So we had 6 NAS systems with a total of 24 WD60-EFAX 6TB SMR drives running BTRFS storate pools. Due to the horrible performance of the SMR drives we opened a ticket with WD and got all of the drives replaced with WD60-EFRX drives.
Allthough we had BTRFS snapshots replicated to our backup layer we still wanted to retain the local BTRFS snapshots. So we simply replaced the EFAX drives with EFRX drives one-by-one mainting the integrity of the storage pool. We ran the SMART check on each new disk and each disk got approved without errors. This was a process spanning several weeks as not to create down-times to the customers. We were lucky that the effected boxes were exclusively deployed for AB4B so not customer suffered from the poor performance.
This morning I had the 3rd unreponsive DS1522+ in 3 weeks were one of the replacement EFRX crashed. The NAS became so unresponsive that 2FA blocked the login and the system became bricked. Not even SMB was working.
I regained access:
- remove all 4 EFRX drives,
- insert a new 5th drive as tempory drive.
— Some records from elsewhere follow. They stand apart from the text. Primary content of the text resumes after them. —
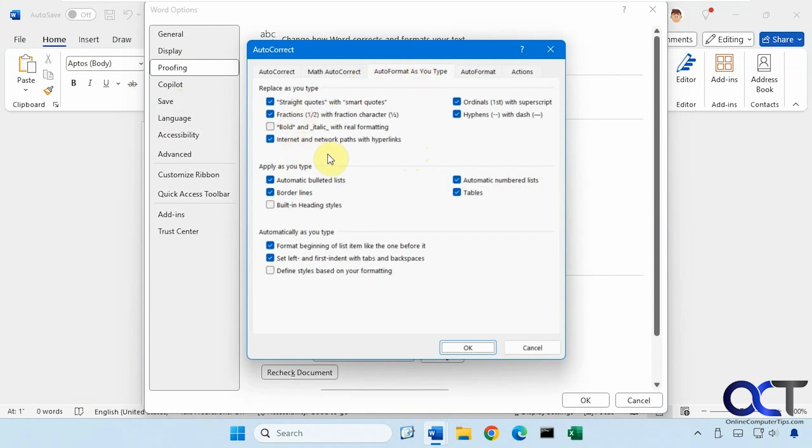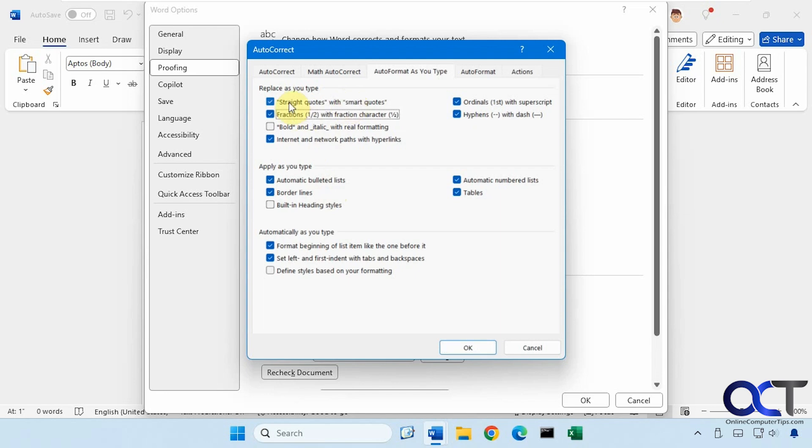You can see here we have a bunch of different options we can configure. So these are all the default settings right now. So straight quotes with smart quotes, that'll make your up and down quotes kind of be these angled quotes automatically for you. You can turn that off.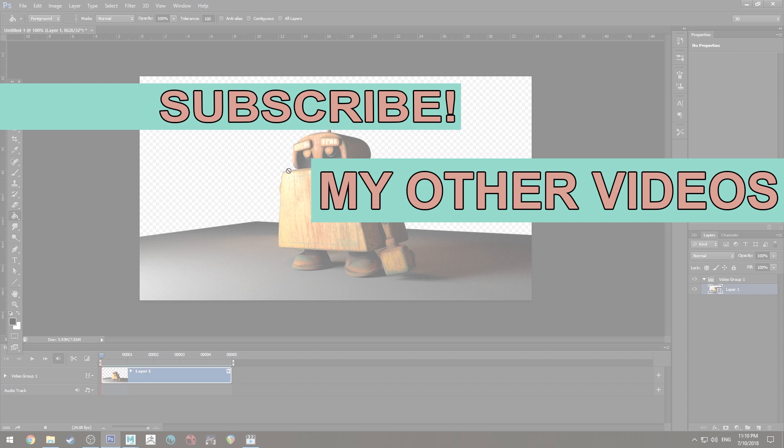So yeah hopefully you liked this tutorial. If you did hit the like button. Other than that enjoy the renders and until next time. Happy rendering.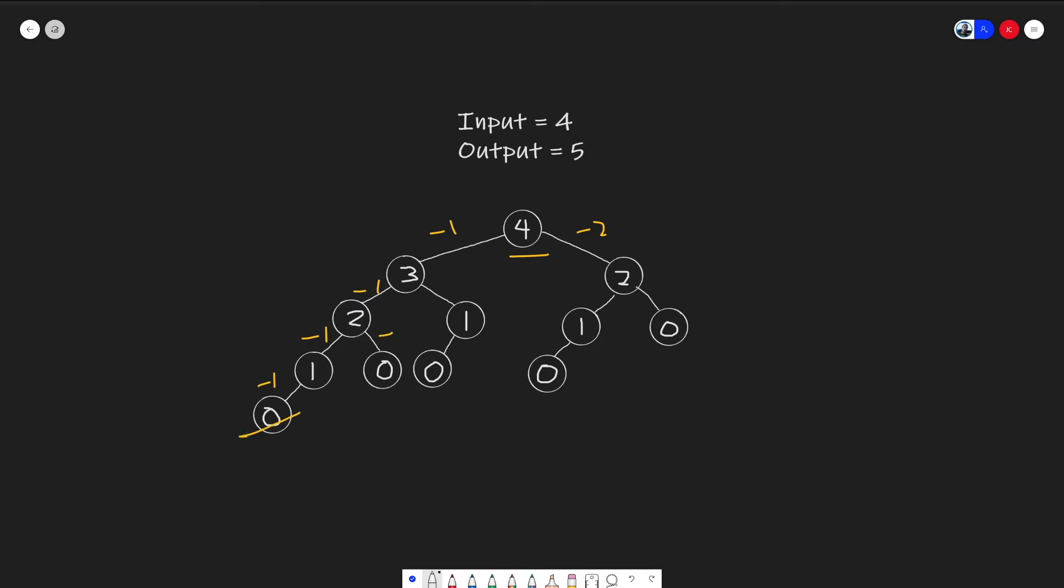Over here, at two, if we take minus two steps, we also get to zero, which is also a valid solution as well. Again, here, if you minus two and minus one, this is a good solution. Minus one, minus two, minus one. So these all give us the good solution.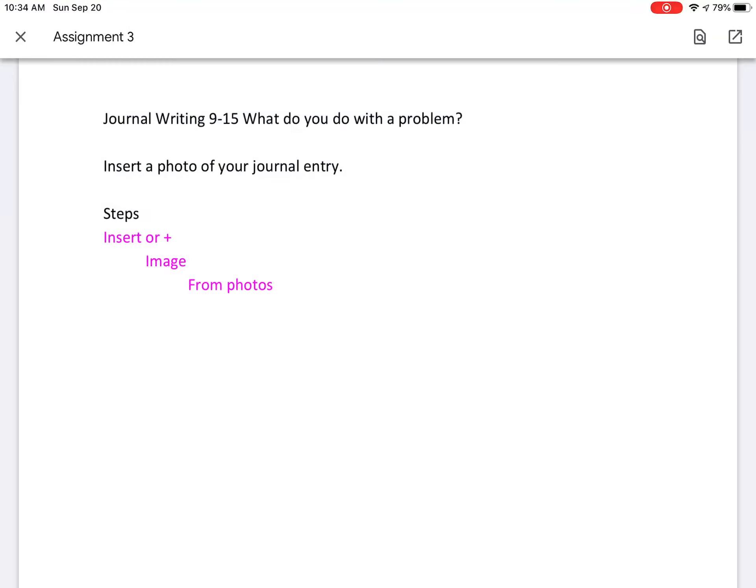Now this is where it gets tricky because right now you're going to want to automatically start typing, but you're not actually in Google Docs or Google Slides or whatever the assignment is.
- Install DSM (to chekc if NAS or disk are faulty)
- Turn off System
- Reinsert the 4 EFRX drives (the complete storage pool, including the faulty disk)
- Start Synology Assistant → search for NAS → Migrteable NAS found
- reinstall DSM with Mode2 reset (maintains data but not settings)
- remove the 5th disk
Now the NAS is back online with the storage pool of the old NAS in critical condition because the crashed HDD was not mountet to the storage pool. But it was resposibe again and all data seem to be there.
Checking the health information of the crashed disk I get absolutely no error indication.
I have exactly the same behaviour on 3 different NAS systems (DS1520+; DS1522+, DS1522+) with brand new WD60-EFRX disk coming from different production batches of WD
What am I missing here? After rebuilding the storge pools on the other NAS I got some corruption warnungs but data scrubbing says it has repaired the issues.
I know the precise moment the NAS crashed and I have replicated snapshots (now flagged “blocked” againts deletion through space reclamation) in the local network. So if the current pool should turnes out to be corrupt I can always do a fail-over and merge with a current snapshot. So the data corruption is not my biggest issue.
I am more concerend as to why these systems crashed, if they will contirnue to crash, if there might be bad luggage from the SMR storage pool,…
On the long run I will likely replace all WD disk with disks from other vendors, most likely with EXOS 16TB (over 50pcs installed with no problems so far)
But none of the 3 failing discs has more than 1000hrs
I will not open an ticket with Synology as in the past this turned out to be a waist of time.
I appreciate your opinions